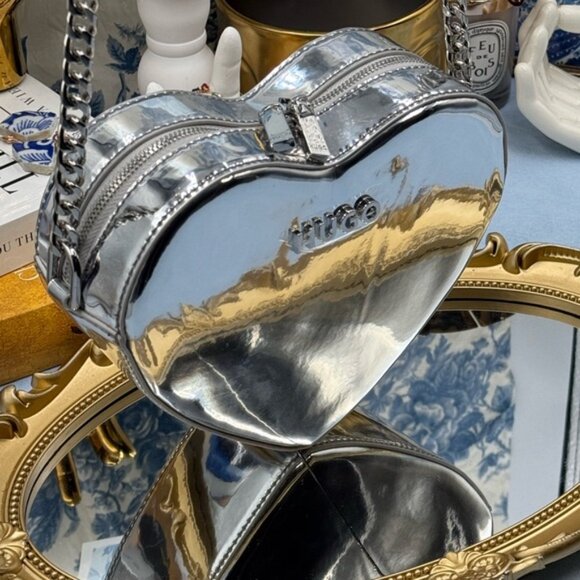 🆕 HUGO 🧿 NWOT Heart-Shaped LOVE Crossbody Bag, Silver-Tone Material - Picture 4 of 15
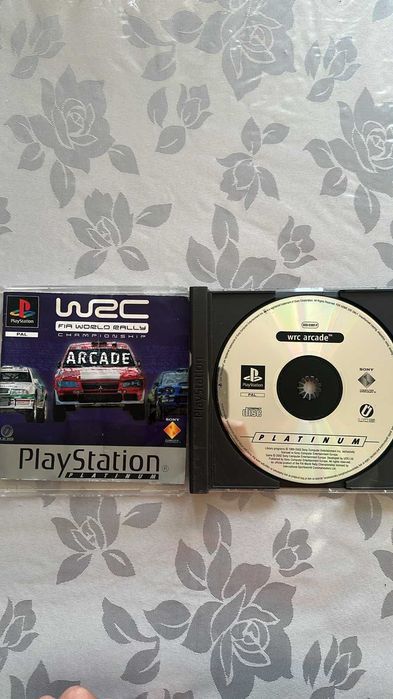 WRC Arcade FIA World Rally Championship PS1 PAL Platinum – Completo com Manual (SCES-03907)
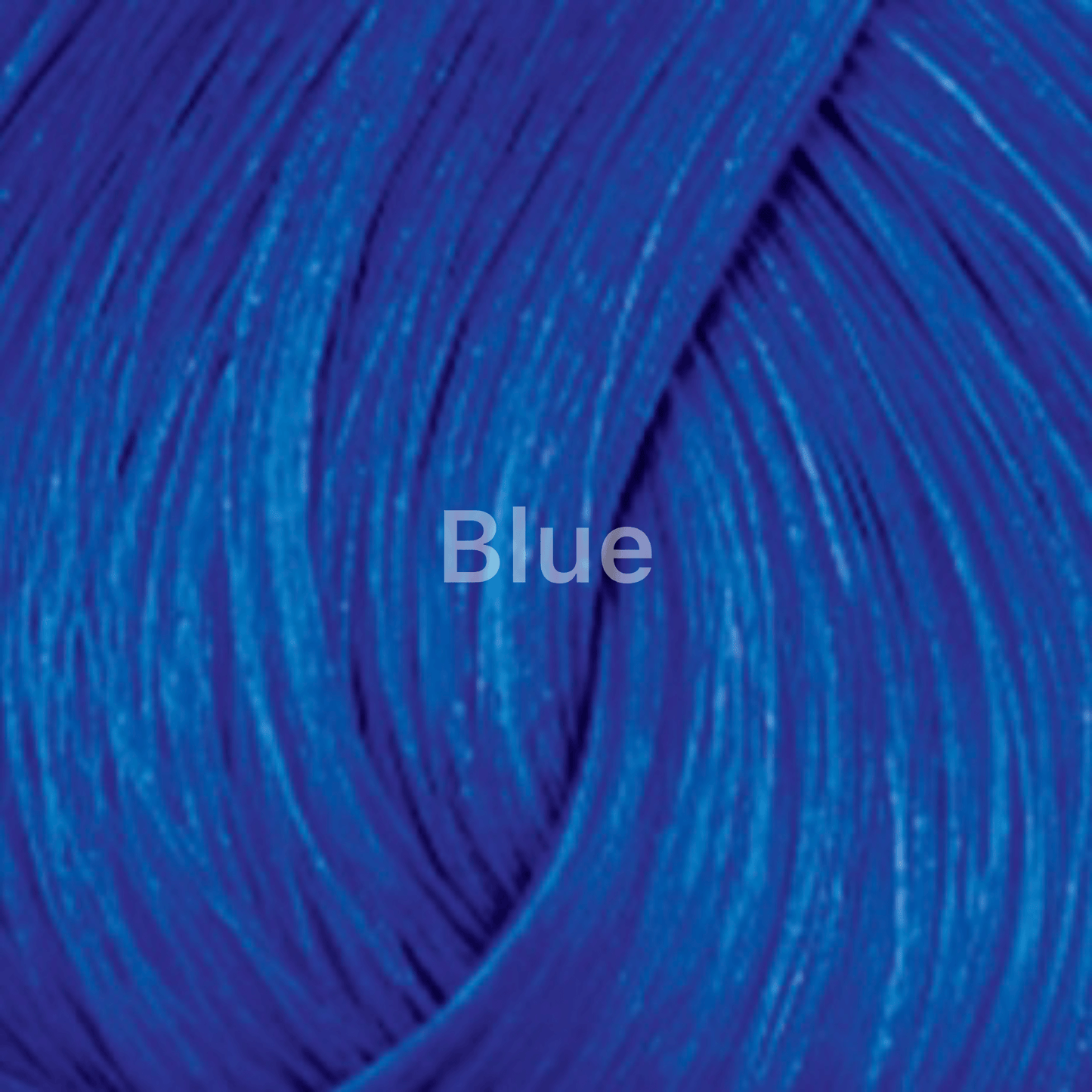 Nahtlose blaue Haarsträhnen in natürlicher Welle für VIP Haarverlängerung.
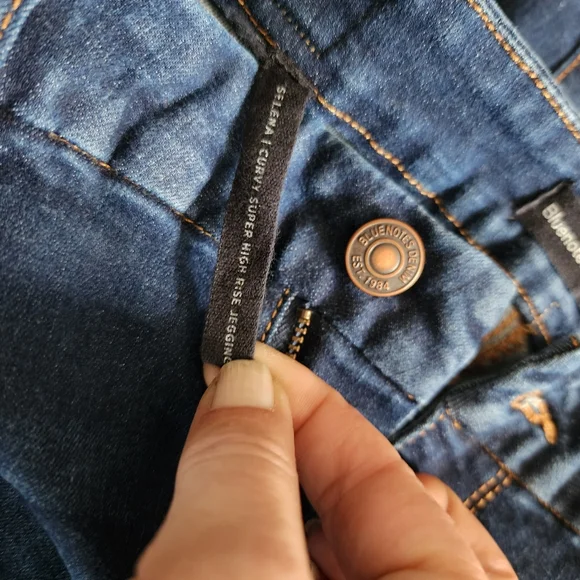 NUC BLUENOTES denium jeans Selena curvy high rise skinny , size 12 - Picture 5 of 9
==
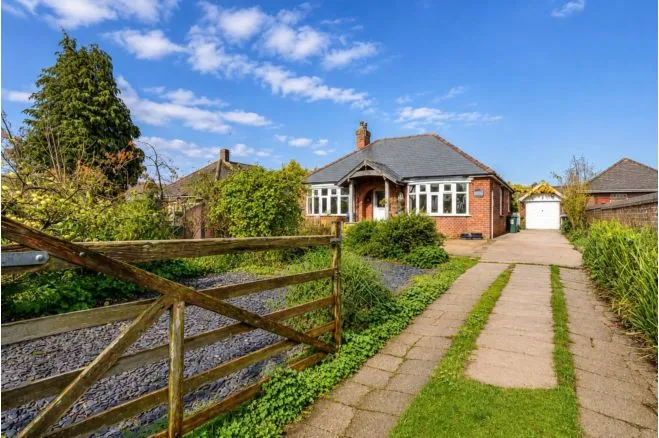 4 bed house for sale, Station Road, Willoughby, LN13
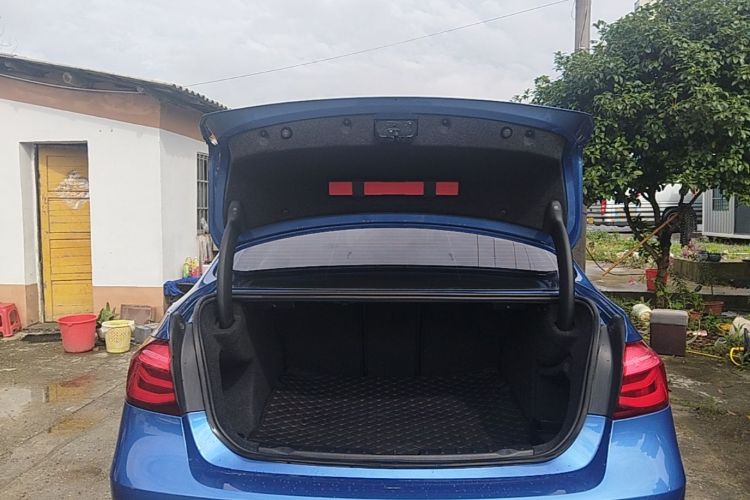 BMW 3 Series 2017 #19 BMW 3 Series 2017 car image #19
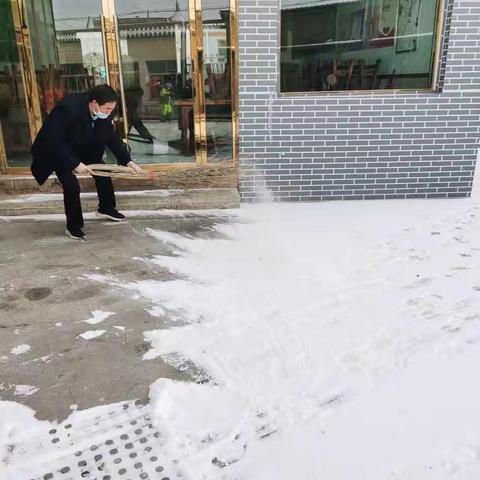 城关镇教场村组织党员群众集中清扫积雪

# Your objective
Precisely those lines above that run from the line with "4 bed house" up to and including the line with "城关镇教场村组织党员群众集中清扫积雪" are to be set down, with the pictures omitted.

# Answer area
 4 bed house for sale, Station Road, Willoughby, LN13
 BMW 3 Series 2017 #19 BMW 3 Series 2017 car image #19
 城关镇教场村组织党员群众集中清扫积雪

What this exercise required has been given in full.